This project allows web users to write RDF as Turtle, check its syntax, visualize the data as a graph, and use SPARQL, RDFS, OWL, SHACL and ShEx.

The project is intended to provide many functionalities in one system, and is intended to be used for small examples (e.g., for teaching or demos).

You can see a demo here. Note that the demo is not intended to be a production system. If you intend to use RDF Playground regularly (e.g., for a class), we would recommend to install and run it locally in a server you control. There are two options: direct or Docker.

Installation and running (direct)

Ensure you've cloned or downloaded this repository on the machine you want to run RDF Playground. You will need to install and run the back-end (Mimir) and the front-end (Odin) for RDF Playground to run.

Back end (mimir folder)

The backend is written in Kotlin using the Spring Boot framework; dependencies and configurations are done using Maven.
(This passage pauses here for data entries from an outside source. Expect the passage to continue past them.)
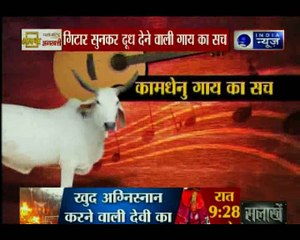 जन्माष्टमी special: बजेगा संगीत, निकलेगा दूध, गिटार सुनकर दूध देने वाली गाय का सच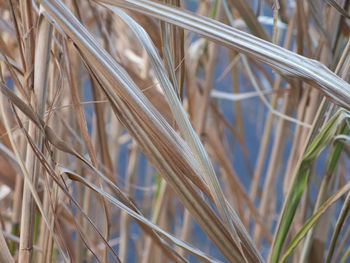 Close-up of dry plants on field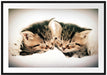 Katzen Herzform Passepartout 100x70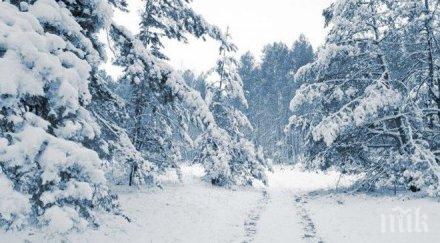 студено ветровито цяла македония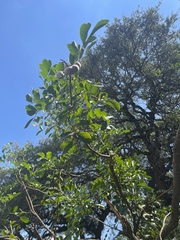 Dermatophyllum secundiflorum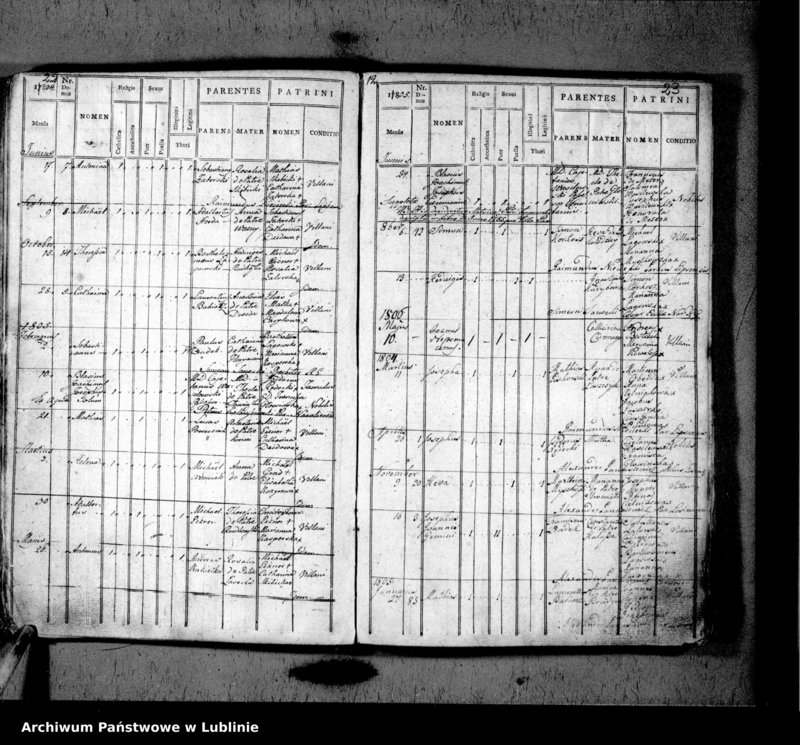 image.from.unit.number "Liber natorum pro villa Rybnica et Paar"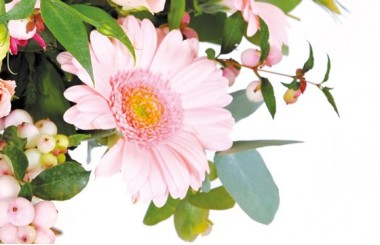 zoom sur un magnifique germini de couleur rose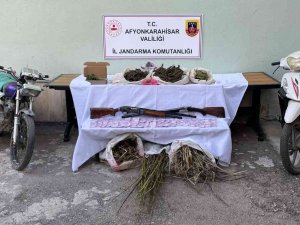 Ormanı Uyuşturucu Tarlasına Çevirmişler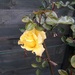 rose golden showers by arthurclark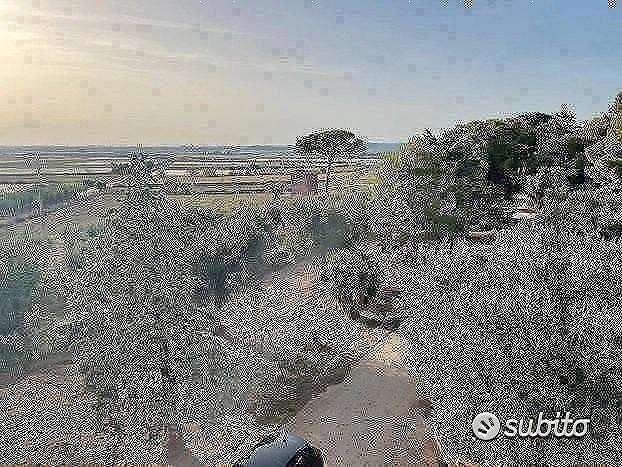 Appartamento – Locorotondo, Bari - Vista 2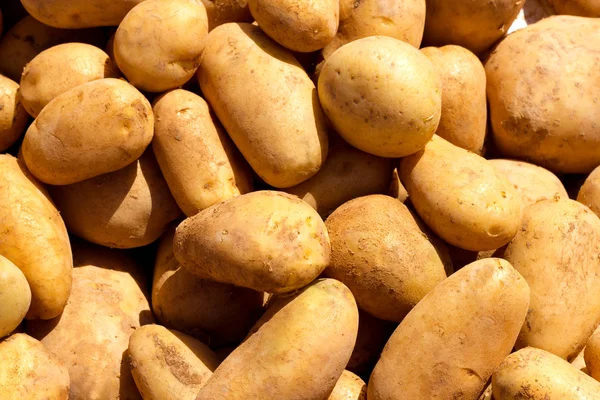 褐色土豆图案纹理 — 图库照片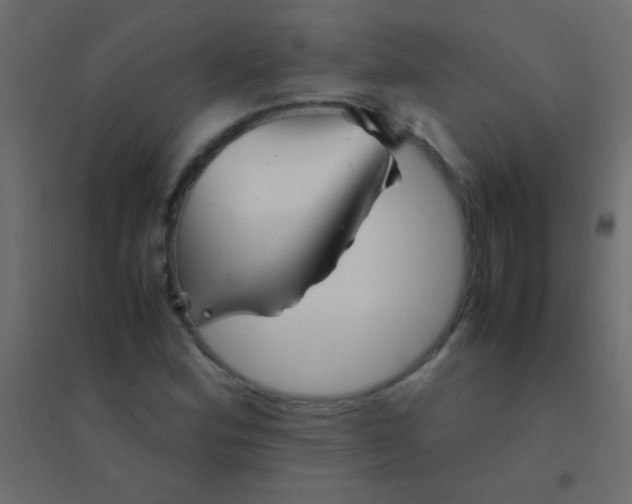 X0000094931164200712131531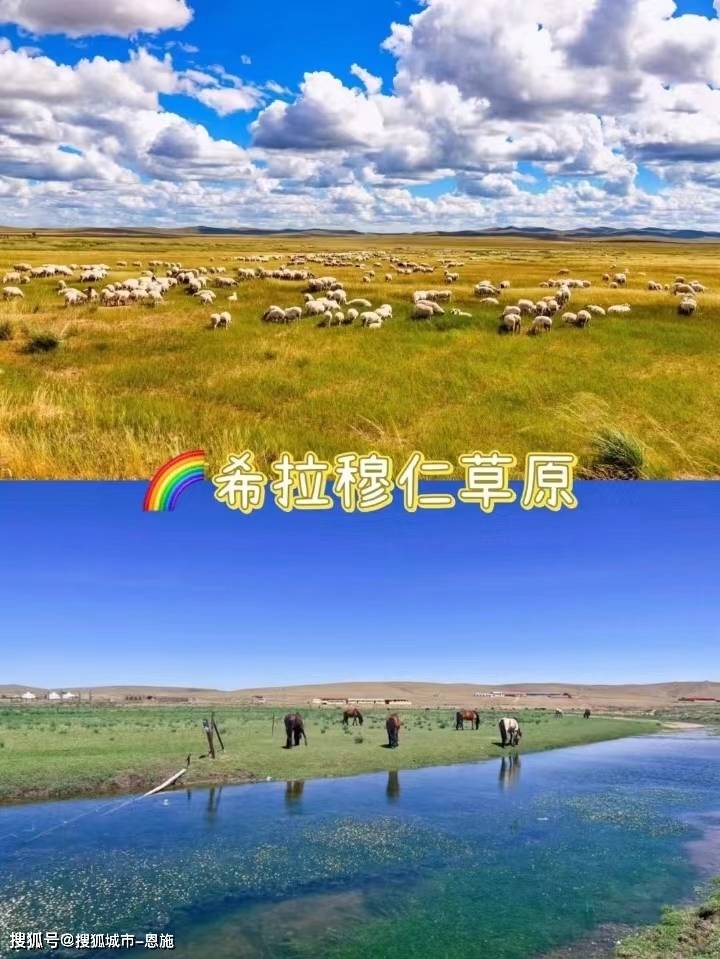 希拉穆仁草原_阿洁_旅行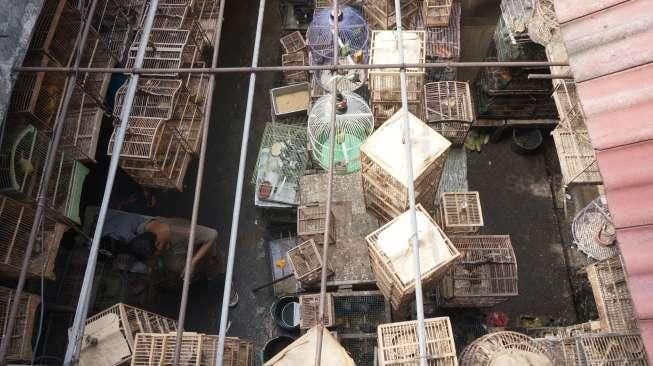 Pasar Burung Pramuka Akan Direlokasi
The code also has a fork of the (Python) OWL-RL reasoner inside, so you have to create and environment for this code before executing the backend.

⚠ For this to work you should use Python 3.5+ and Pip

Go to src/main/reasoner/owlrl and create a virtualenv (we use venv) according to venv documentation and install BastyZ/OWL-RL:

# Create venv environment
python3 -m venv venv

# Activate
source venv/bin/activate

# Install BastyZ/OWL-RL on the current environment
python setup.py install

Then, having maven installed, you go to mimir/ directory where pom.xml is and write in your terminal:

# install dependencies
mvn install

And you can run it with:

# Activate venv before running SpringBoot
source src/main/reasoner/owlrl/venv/bin/activate

mvn spring-boot:run

Front end (odin folder)

The frontend is written in Javascript + HTML using Vuetify framework and nodejs 13; having that and npm installed you can go to the odin/ directory and write:

# install dependencies
npm install

And you can run it with:

# run for development
npm run-script serve

# create a production build
npm run-script build

This last command produces a production-ready bundle in the dist/ directory, see https://cli.vuejs.org/guide/cli-service.html#vue-cli-service-build for more information.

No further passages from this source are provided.